Die Unveränderlichkeit des Bildes. Während die orthodoxen Maler die Bilder ihrer Ikonen oft über Jahrhunderte hinweg unverändert wiedergegeben haben, weil diese für die Gläubigen wundervoll exakte Darstellungen ihrer Heiligen waren, bedient sich Horvath einer Fotografie der jeweiligen Persönlichkeit, die er nicht verändert. Allerdings nicht irgendeine Fotografie, sondern die bekannteste und am einfachsten zu erkennende. Jenes Foto, das die Presse uns tausendmal serviert hat, bis es sich als unauslöschliches Bild der betreffenden Persönlichkeit in uns eingraviert hat. Das gilt für alle seine Gemalten: Freud, Dalí, Madonna, Hitler etc.

Anreicherung des Bildes mit Anspielungen. Auch wenn die Ikonenmalerei an sich unveränderlich ist, so liefert sie doch eine umfangreiche Entwicklungsgeschichte des jeweiligen Heiligen – durch eine Reihe von kleinen Bildchen mit Szenen aus seinem Leben. Horvath bedient sich in seiner Ikonenmalerei desselben Mittels, wenn er in seine Bilder Szenen, die auf die Persönlichkeit des „Idols" anspielen, einarbeitet. Zum Beispiel Feuer, Zerstörung und ein Blinder, der Blinde führt, beim Porträt Hitlers. Panzer, die das tschetschenische Volk niederwalzen bei Jelzin usw.

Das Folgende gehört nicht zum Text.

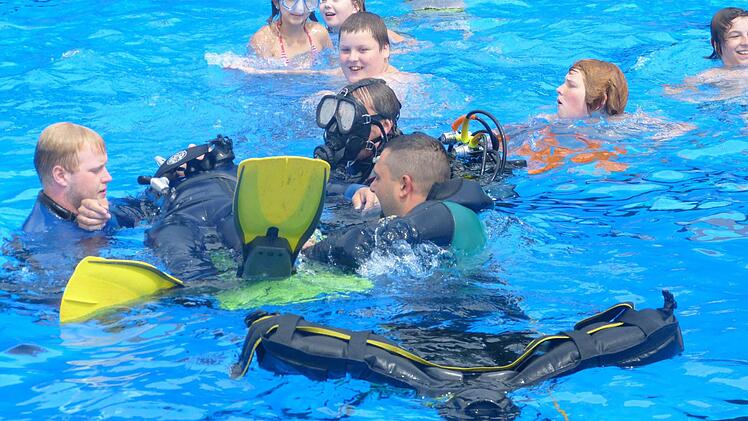Das Spektakel im Wasser begeisterte die Zuschauer im Eltmanner Schwimmbad. Retten ist schwerer als gedacht.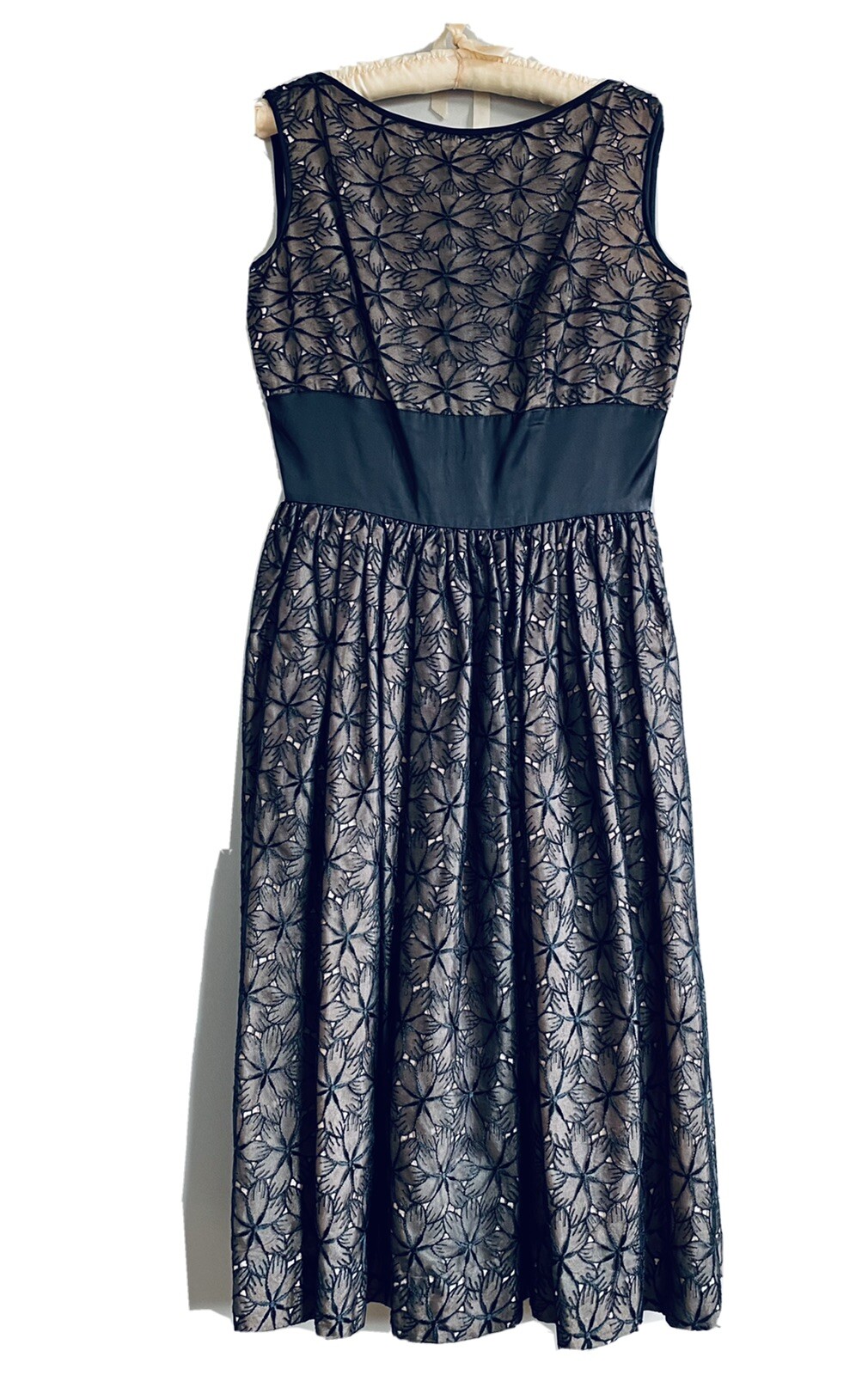 Vintage Jerry Gilden lace and taffeta black party dress 1950s small 6 tea-length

Bearbeitung einer großen Oberfläche mit Ikonen. So, wie die „Ikonostase" oder Trennwand zwischen dem Platz des Altars und den Sitzreihen der Gläubigen dazu diente, eine Zusammenstellung von Bildern, welche die fundamentale theologische Botschaft transportierten, zu beherbergen, arrangiert Horvath seine Ikonen als Teil eines riesigen Wandgemäldes, das – nicht ohne Ironie – die Geschichte der Menschheit darstellt.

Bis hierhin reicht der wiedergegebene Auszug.